- Work instructions
Retype the whole listing exactly.

- Supplied information
┌──
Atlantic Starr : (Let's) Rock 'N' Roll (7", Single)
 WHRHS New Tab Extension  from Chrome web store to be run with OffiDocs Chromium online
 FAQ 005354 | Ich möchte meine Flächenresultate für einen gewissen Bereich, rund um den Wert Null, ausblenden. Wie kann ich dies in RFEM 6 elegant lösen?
└──
- Response for this exercise
Atlantic Starr : (Let's) Rock 'N' Roll (7", Single)
 WHRHS New Tab Extension  from Chrome web store to be run with OffiDocs Chromium online
 FAQ 005354 | Ich möchte meine Flächenresultate für einen gewissen Bereich, rund um den Wert Null, ausblenden. Wie kann ich dies in RFEM 6 elegant lösen?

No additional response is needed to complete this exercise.